Da quell'incontro, nasce il progetto di una manifestazione popolare che si tiene il 28 luglio al Teatro del Borgo, alla presenza di una folla strabocchevole.
La vedova del dott. Casali, Antonia Amadei, ricorda che da Borgomaggiore gli antifascisti in corteo salirono al Palazzo della Reggenza, "per chiedere le dimissioni del Governo e lo scioglimento del Consiglio fascista".
Il giorno prima, 27 luglio, era stato sciolto il partito fascista sammarinese. Nella riunione del 26 a Rimini, era nato il "Comitato per la libertà" che il 27 tiene una seconda riunione "nella quale si decise di rompere ogni indugio e di passar la sera stessa all'azione, soprattutto perché nella stessa mattina i fascisti di San Marino avevano assunto un atteggiamento di sfida ed avevano promesso, siccome il loro vecchio sistema, bastonate e piombo ai loro oppositori", si legge in un numero unico del Comitato stesso, edito il 3 settembre, con il titolo "28 luglio".
"La notte non si dormì", prosegue il foglio: "Giovani vibranti d'entusiasmo e di fede s'irradiarono per ogni frazione della Repubblica, chiamando a raccolta il popolo alla riscossa...". All'alba del 28, "una folla, forse non mai adunata nel nostro paese", invase "le anguste vie del Borgo, raggiante di sole e di gioia".
Campane a festa.
Il comizio di Borgo fu presieduto da Francesco Balsimelli che poi guidò il corteo assieme all'avv. Teodoro Lonfernini e ad Alvaro Casali.

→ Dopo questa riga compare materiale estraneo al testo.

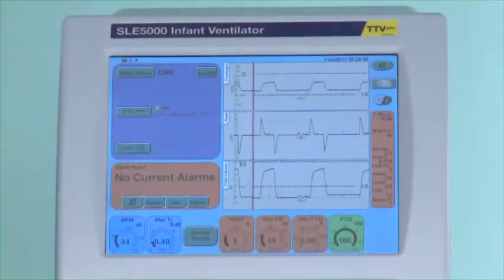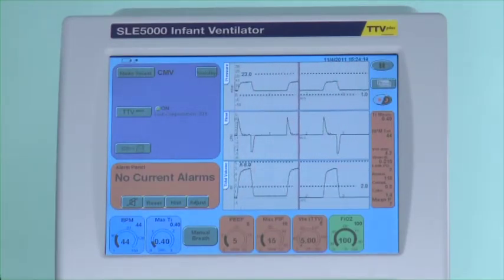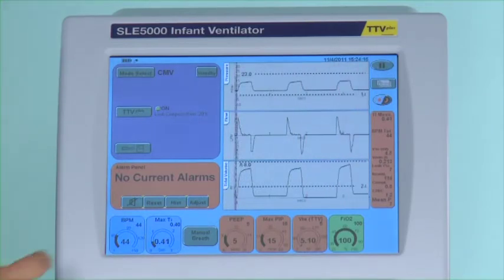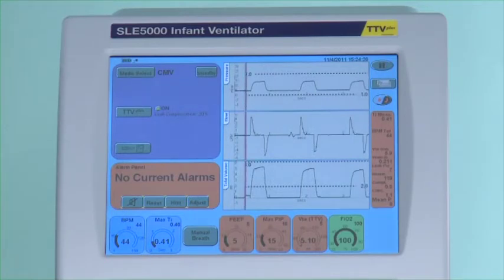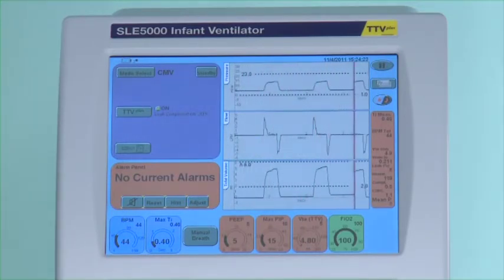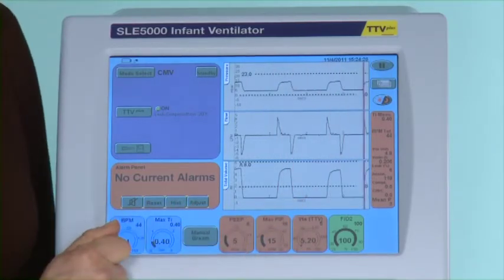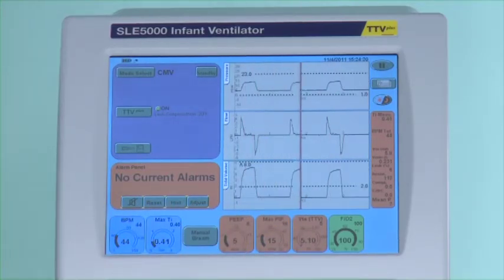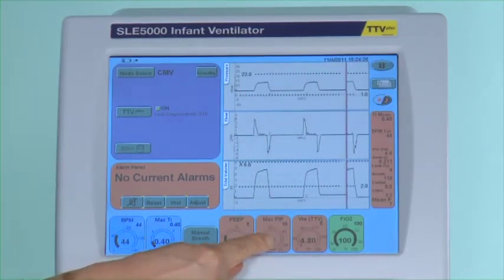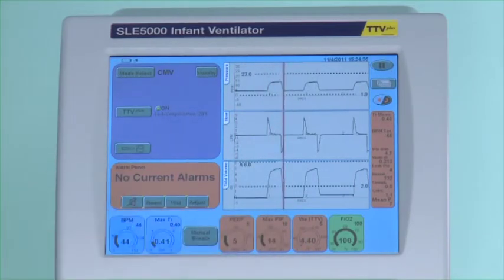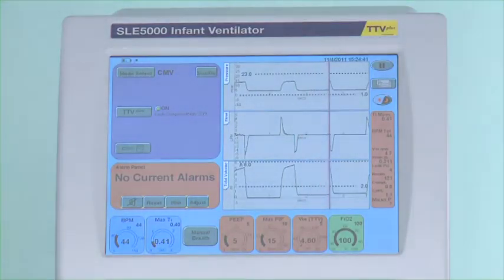You need to look at the baby to see why there is a low tidal volume — for example, is there a large leak in which case you won't achieve the volume. If the baby has a pneumothorax you will also not achieve the volume and in this case you may need to remove TTV plus. If the resistance decreases and the compliance increases the peak inspired pressure will continue to decrease whilst maintaining the correct end tidal volume.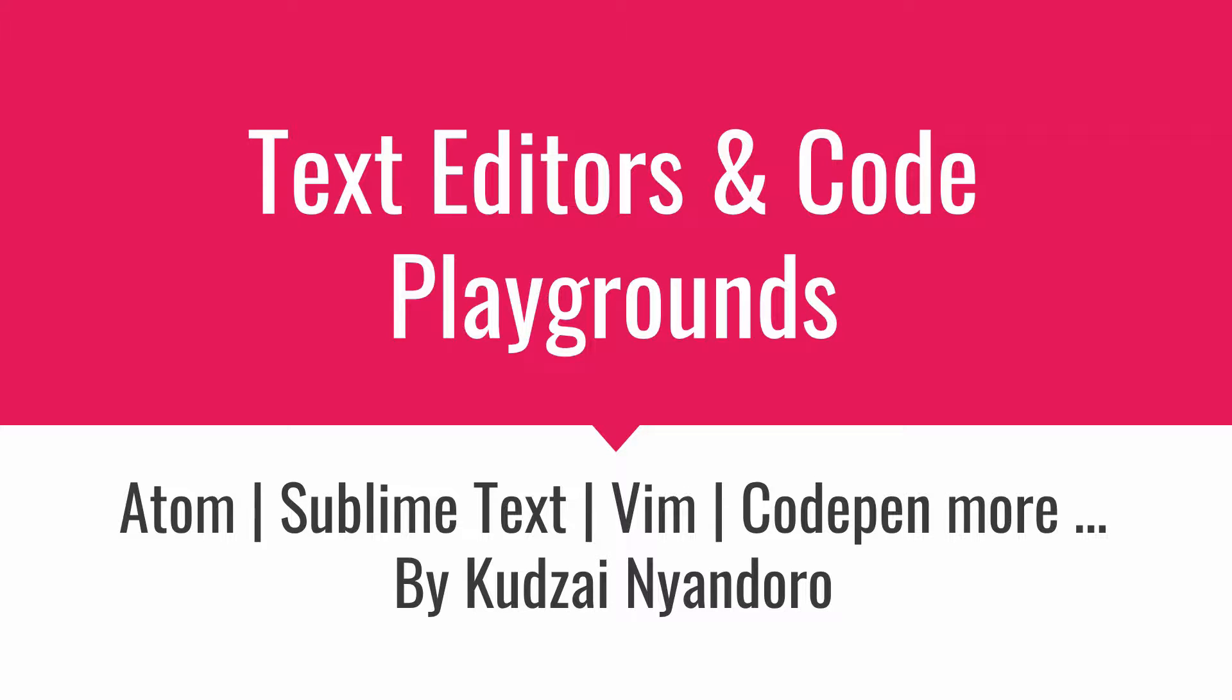Hello and welcome to the Screencast, where we are going to talk about text editors and code playgrounds. By far, one of the most important tools for a programmer to learn how to use is the text editor, right? So you want to be familiar with your text editor.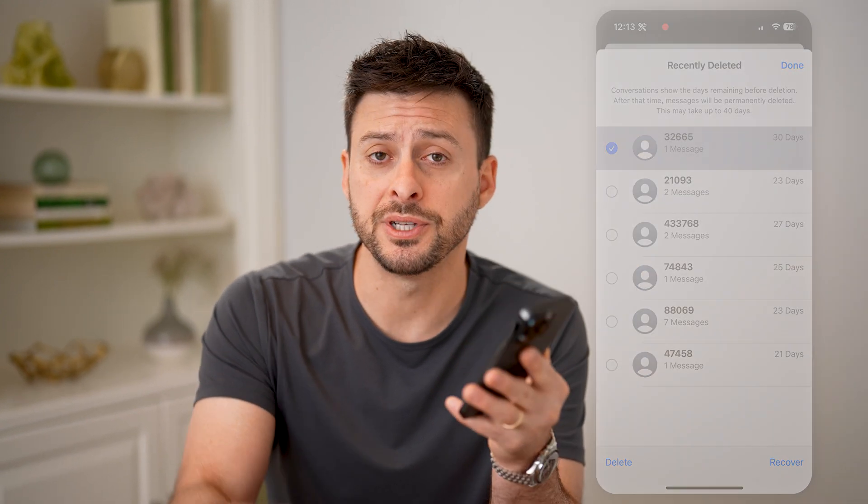I hope this helps. If it did, hit the subscribe button down below — it really helps me out. And I'll catch you on the next one.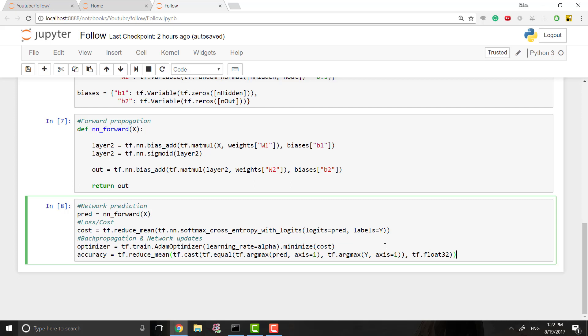Hey guys, this is Eden back for another video on using TensorFlow and implementing that into our neural network. So I'm super excited for this episode because we're finally going to finish this neural network and have our first full TensorFlow implementation.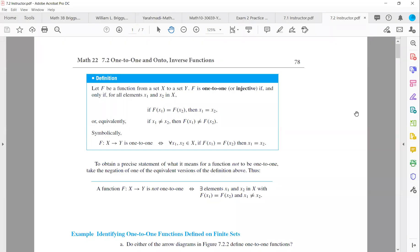Let us start section 7.2: one-to-one, onto, and inverse functions.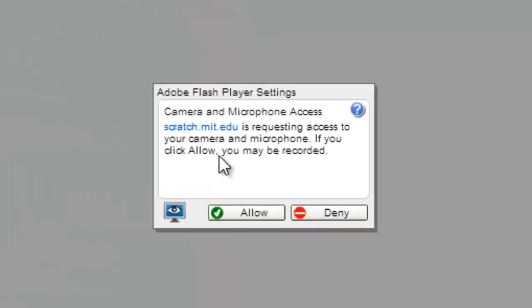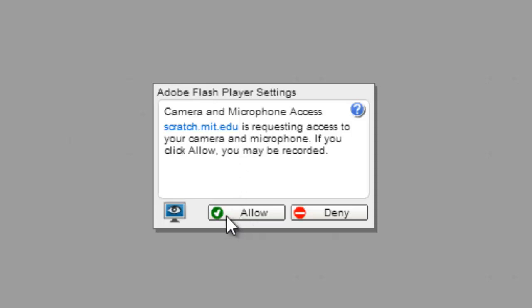And it's going to ask you this. Do you want to allow the camera? This little green check is what you want. So you're going to always hit allow.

"Si svolsero lunghe trattative dei dimostranti con i Capitani Reggenti che infine decretarono lo scioglimento del governo. A mezzogiorno fu costituito un governo provvisorio di venti membri, che nel pomeriggio fu poi allargato a trenta. Tra i quali mi ritrovai anch'io, ventitrenne", spiega Federico Bigi, noto esponente democristiano.
Suonarono a festa tutte le campane. Alla testa del corteo c'erano le bande musicali, racconta una cronaca del tempo, dove si legge anche che i fascisti sammarinesi si erano illusi di tenere il potere pure dopo il crollo di Mussolini.
Chi erano gli uomini del fascio sul Titano? "Praticamente... un unico personaggio con i suoi famigliari riassumeva tutti i poteri effettivi. Si tratta di Giuliano Gozi, al quale non si perdona d'esser stato accentratore assolutista, despota, segretario al Ministero degli Interni; egli assunse anche quello degli Esteri, vale a dire l'intero Gabinetto sammarinese che si compone appunto di due soli Ministri", prosegue quella cronaca.
Come un dittatore, "S.E. Gozi nominò vice cancelliere un suo cugino, Enrichetto Gozi, e Segretario del partito fascista sammarinese il fratello Manlio".
[Pagina tratta dal cap. II de "28 luglio 1943, San Marino volta pagina. I giorni dell'ira, 4. Settimanale "il Ponte", Rimini, 04.03.1990.]